Laura Jane Williams: a love letter to my eyebrowsLaura Jane Williams is an author, journalist and scriptwriter. She’s written two memoirs: Becoming, about her high school sweetheart marrying her best friend and how she healed, and Ice Cream for Breakfast, a guide to embracing your inner child. Her third book, Our Stop, is a rom-com novel about almost missing the love of your life, and has been called “a must-read” by Red Magazine. It’s available on pre-order now. You can find her on Instagram and Twitter.

 

In the final episode of Fleabag, the priest gives a speech about love. In it, he says: “Love is awful. It’s awful. It’s painful. It’s frightening. It makes you doubt yourself, judge yourself, distance yourself from the other people in your life. It makes you selfish. It makes you creepy, makes you obsessed with your hair, makes you cruel, makes you say and do things you never thought you would do.” For some, he was talking about Fleabag herself. For others, he meant God. For me? He was talking about eyebrows.

My eyebrows and I have the most tempestuous dynamic I’ve ever known. I watch other women and their eyebrows when I’m at the supermarket, when being asked for my order at dinner, when I’m on Instagram Stories. And I ask myself: why can’t my eyebrows look like theirs?

Oh, eyebrows! I remember being eight years old and my mother telling me that when I was older, all I’d need is to pluck three hairs from each side and I’d have the perfect arc. When I was thirteen, then, I totally disregarded that advice and plucked with wild and gay abandon, ending up with two thin and uneven lines that have never recovered. For a while it was almost fashionable. Now it is a great source of shame. Cara Delevigne’s style statement highlights everything I will never naturally be, and it hurts.

I am, categorically, not just the owner of eyebrows. I’m in a relationship with them.

I’ve been told eyebrows are sisters, not twins – but sometimes wonder if mine aren’t simply related by marriage – step-siblings perhaps, and angry ones at that.

I’ve tried it all: those kits with the templates that you use to put on powder (horribly ineffective), letting them grow out and then having them waxed (doesn’t account for the way hair grows oddly above my eyebrow), sleeping on my back because apparently pressing one side of my face into the pillow as I snooze on my belly could be responsible for mis-shaping the left side of my face.

I’ve had them micro-bladed (as close to perfect £300 will let you get, but temporary), I got a fringe so that they were covered, I own 32 eyebrow pencils. It’s a lot of thought and effort. So much so that I am, categorically, not just the owner of eyebrows. I’m in a relationship with them.

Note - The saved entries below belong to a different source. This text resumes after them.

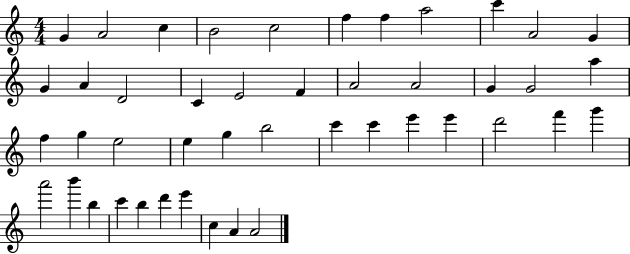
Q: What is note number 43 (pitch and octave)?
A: C5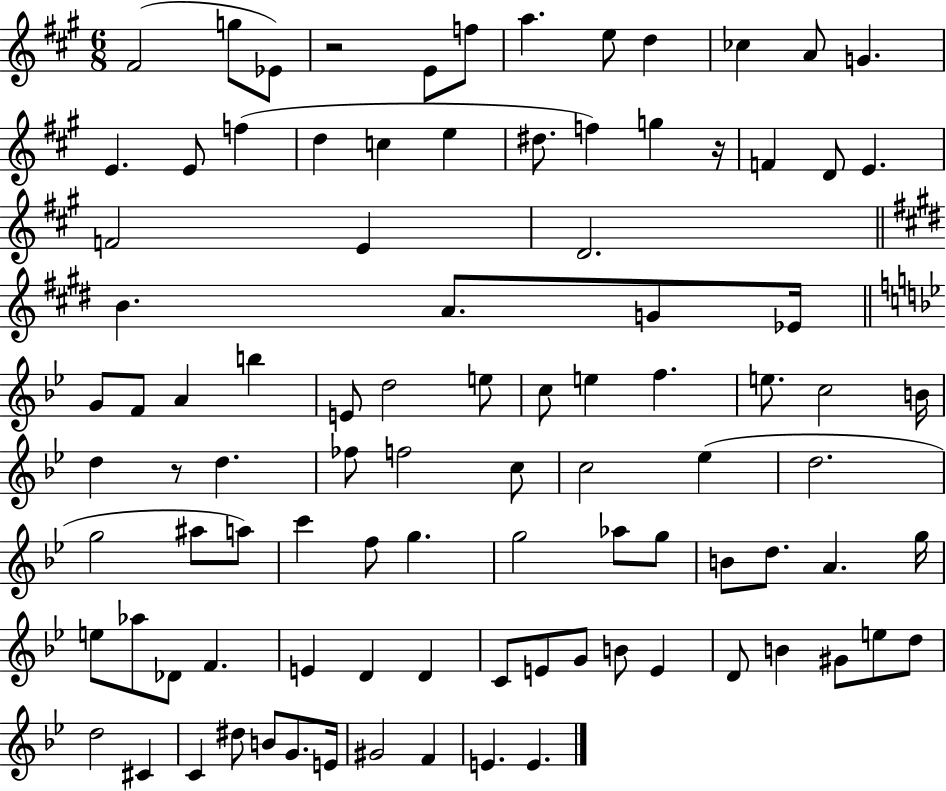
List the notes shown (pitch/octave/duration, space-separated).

F#4/h G5/e Eb4/e R/h E4/e F5/e A5/q. E5/e D5/q CES5/q A4/e G4/q. E4/q. E4/e F5/q D5/q C5/q E5/q D#5/e. F5/q G5/q R/s F4/q D4/e E4/q. F4/h E4/q D4/h. B4/q. A4/e. G4/e Eb4/s G4/e F4/e A4/q B5/q E4/e D5/h E5/e C5/e E5/q F5/q. E5/e. C5/h B4/s D5/q R/e D5/q. FES5/e F5/h C5/e C5/h Eb5/q D5/h. G5/h A#5/e A5/e C6/q F5/e G5/q. G5/h Ab5/e G5/e B4/e D5/e. A4/q. G5/s E5/e Ab5/e Db4/e F4/q. E4/q D4/q D4/q C4/e E4/e G4/e B4/e E4/q D4/e B4/q G#4/e E5/e D5/e D5/h C#4/q C4/q D#5/e B4/e G4/e. E4/s G#4/h F4/q E4/q. E4/q.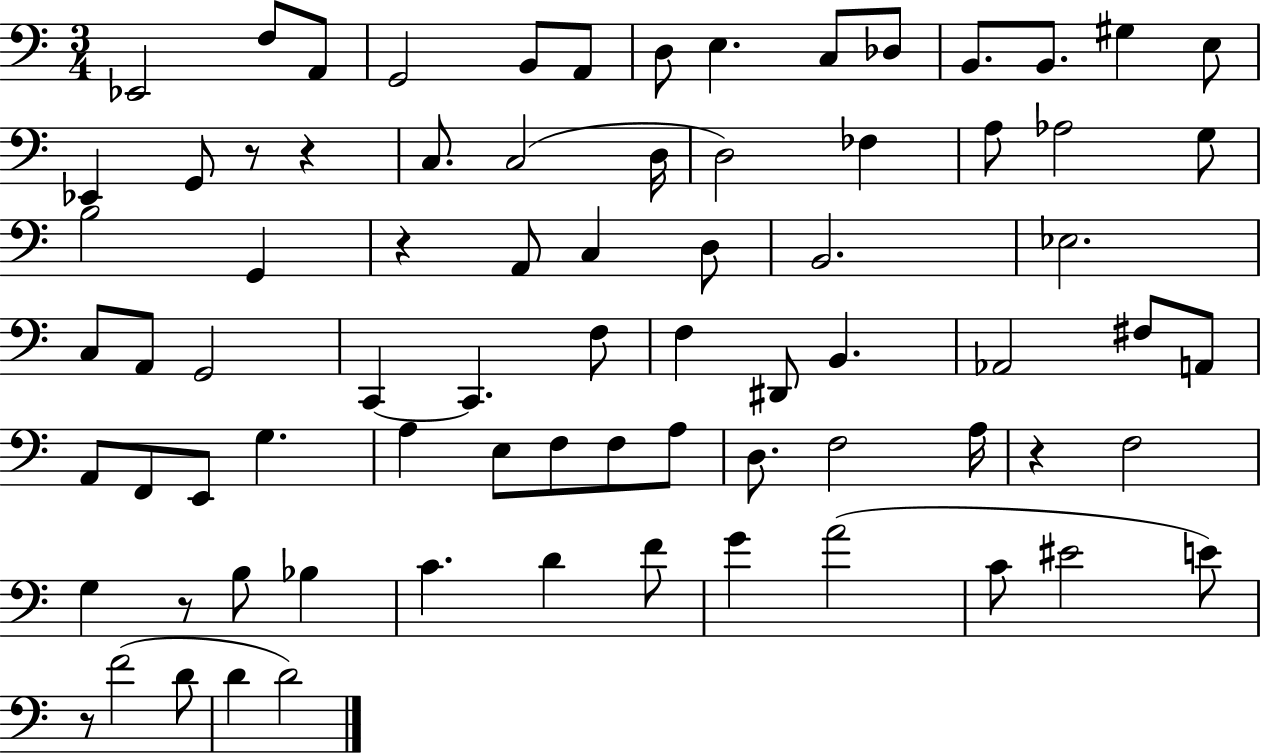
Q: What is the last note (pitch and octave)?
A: D4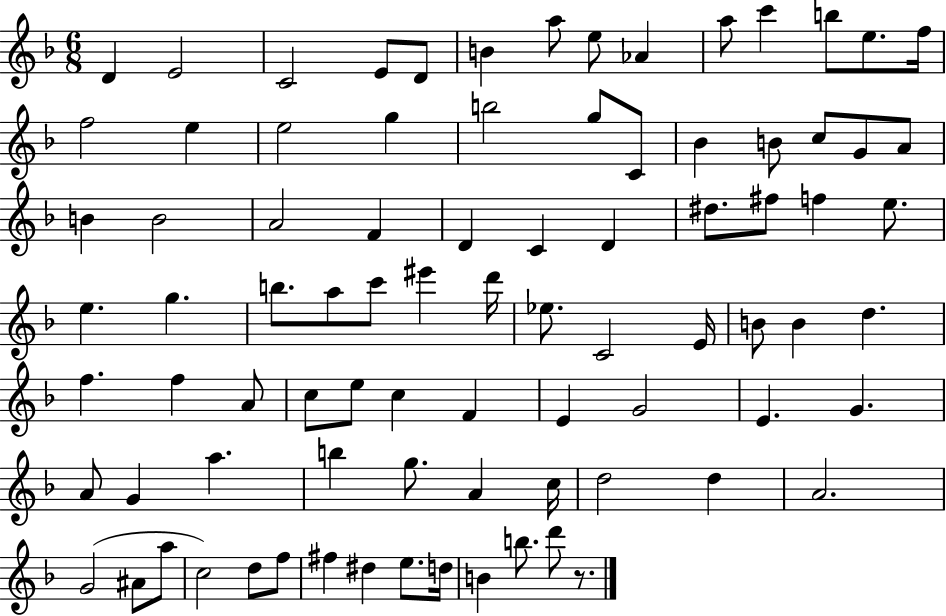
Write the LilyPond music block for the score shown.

{
  \clef treble
  \numericTimeSignature
  \time 6/8
  \key f \major
  d'4 e'2 | c'2 e'8 d'8 | b'4 a''8 e''8 aes'4 | a''8 c'''4 b''8 e''8. f''16 | \break f''2 e''4 | e''2 g''4 | b''2 g''8 c'8 | bes'4 b'8 c''8 g'8 a'8 | \break b'4 b'2 | a'2 f'4 | d'4 c'4 d'4 | dis''8. fis''8 f''4 e''8. | \break e''4. g''4. | b''8. a''8 c'''8 eis'''4 d'''16 | ees''8. c'2 e'16 | b'8 b'4 d''4. | \break f''4. f''4 a'8 | c''8 e''8 c''4 f'4 | e'4 g'2 | e'4. g'4. | \break a'8 g'4 a''4. | b''4 g''8. a'4 c''16 | d''2 d''4 | a'2. | \break g'2( ais'8 a''8 | c''2) d''8 f''8 | fis''4 dis''4 e''8. d''16 | b'4 b''8. d'''8 r8. | \break \bar "|."
}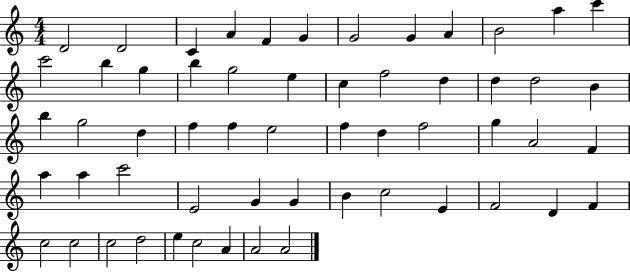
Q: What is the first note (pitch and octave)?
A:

Lately, I’ve been using Benefit’s Precisely My Brow in shade 3.5, applied in upward sweeping motions and followed by the same upward motion of their Brow Gel. Even if I do not wear a single other scrap of make-up I do this. I cannot bear to go for a wee and look up as I wash my hands only to be confronted by the face of a potato. For as long as there are mirrors in my house I will commit to this task.

I suppose, at the end of the day, I’m thankful to have eyebrows at all. No matter how much the work, no matter the hours spent grooming and preening and drawing and shaping and glossing, no matter how much I continue to agree with Fleabag’s Priest that having them is, “… awful. It’s painful. It’s frightening. It makes you doubt yourself,” at least they’re there. They’re something to work with. Because without them, I really do look like that potato.